Let's say we have a list of all the chess players in the world, and we want to predict the likelihood of success if any player goes up against any other player. (Hypothetical example)
I'm assuming that it is possible for any player to beat any other player, regardless of skill. However, playing versus a player with much lower skill a loss is very unlikely, while playing versus a player with much higher skill makes it very likely to lose. Therefore, the mean probability of a loss should follow the S-shaped curve of a cumulative binomial probability distribution (if x = difference in skill level and y = probability of loss against a player of this skill), where each player has their own probability distribution like this and the center with 50/50 chance is playing against a player of exactly the same skill.

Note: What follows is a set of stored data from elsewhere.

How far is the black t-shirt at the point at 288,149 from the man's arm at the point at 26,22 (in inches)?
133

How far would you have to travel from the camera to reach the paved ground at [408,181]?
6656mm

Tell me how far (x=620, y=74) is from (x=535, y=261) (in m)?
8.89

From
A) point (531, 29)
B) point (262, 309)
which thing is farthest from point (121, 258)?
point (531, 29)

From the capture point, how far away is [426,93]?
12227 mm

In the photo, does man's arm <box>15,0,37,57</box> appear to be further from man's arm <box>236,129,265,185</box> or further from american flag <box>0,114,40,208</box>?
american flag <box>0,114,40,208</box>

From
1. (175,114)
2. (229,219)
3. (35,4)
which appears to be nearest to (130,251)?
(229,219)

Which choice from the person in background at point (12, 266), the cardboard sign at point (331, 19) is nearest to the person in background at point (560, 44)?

The thing is that the cumulative binomial probability distribution only describes the mean probability of a loss. I want to create a model where there is an actual distribution for any point along these means but with a gaussian distribution (or something such) so that the highest probability is along that mean but there is always a chance to win.

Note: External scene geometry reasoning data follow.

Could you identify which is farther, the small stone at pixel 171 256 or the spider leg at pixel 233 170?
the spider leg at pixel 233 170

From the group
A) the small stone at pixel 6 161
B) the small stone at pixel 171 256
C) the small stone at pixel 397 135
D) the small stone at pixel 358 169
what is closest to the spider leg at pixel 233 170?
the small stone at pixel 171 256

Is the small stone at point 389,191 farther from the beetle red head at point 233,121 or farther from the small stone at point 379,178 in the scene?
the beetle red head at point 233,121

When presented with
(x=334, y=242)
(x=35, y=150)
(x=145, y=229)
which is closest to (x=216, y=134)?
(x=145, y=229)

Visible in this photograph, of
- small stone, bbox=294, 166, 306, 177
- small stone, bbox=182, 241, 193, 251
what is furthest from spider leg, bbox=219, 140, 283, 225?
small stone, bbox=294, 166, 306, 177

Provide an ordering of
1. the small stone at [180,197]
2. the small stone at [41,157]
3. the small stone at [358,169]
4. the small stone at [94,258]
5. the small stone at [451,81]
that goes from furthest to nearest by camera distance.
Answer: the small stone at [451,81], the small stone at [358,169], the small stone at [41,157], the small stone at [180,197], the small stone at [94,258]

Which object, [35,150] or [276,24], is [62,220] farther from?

Example 1: Player of skill X goes up against player of skill X-10 and gets 1 loss and 9 wins, goes up against a player of skill X and gets 5 losses and 5 wins, goes up against a player of skill X+10 and gets 9 losses and 1 win. (most likely scenario)
Example 2: Player of skill X goes up against player of skill X-9 and gets 5 losses and 5 wins, goes up against a player of skill X and gets 2 losses and 8 wins, goes up against a player of skill X+9 and gets 3 losses and 7 wins. (very unlikely scenario, but possible)

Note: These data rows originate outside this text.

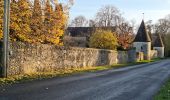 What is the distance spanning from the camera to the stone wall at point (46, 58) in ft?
73.9

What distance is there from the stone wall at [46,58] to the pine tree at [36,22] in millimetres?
2553

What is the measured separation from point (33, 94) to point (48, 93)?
0.75 metres

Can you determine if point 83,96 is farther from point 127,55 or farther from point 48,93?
point 127,55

The thing here is that the general format of the probability curve will be the same for all players of any skill, and the mean will follow the S-shape versus players of lower/same/higher skill... But a very skilled player will have less variability around that mean and the prediction will be more certain, whereas a lower skilled player will be more erratic and depend on "having a good day" or similar things. So I need a variable in the model that is connected with skill and controls the width of the probability distributions around the mean.
FYI if you are interested to discuss "the best way to predict chess winners" then this is not a thread for you, I am not actually interested in chess. I am a programmer with limited math skills who wants to find a way to predict the outcome of a skill matchup. The chess part was just a hypothetical example, it could literally be anything in my final model, if I arrive at a result with your help.
EDIT:
What I mean to say is that the means should follow a logistic function according to:
1 / (1 + exp(-skill * (x - 0.5)))
That way, there is always a 50/50 chance of loss when playing against someone with equal skill. A person with lower skill will have a higher chance of loss against someone with lower skill than themselves, and a lower chance of loss against someone with higher skill than themselves (because that person is also unskilled), compared to someone with higher skill. Exactly what the limits of the "skill" variable should be, I'm not quite certain of. But I can play around with that according to what value I choose to represent skill. Actually, maybe the skill value should be inversed, if the gaussian width is decreased. I'm not sure.
What remains to do is to somehow fit this mean to a gaussian probability with 0-1 limits.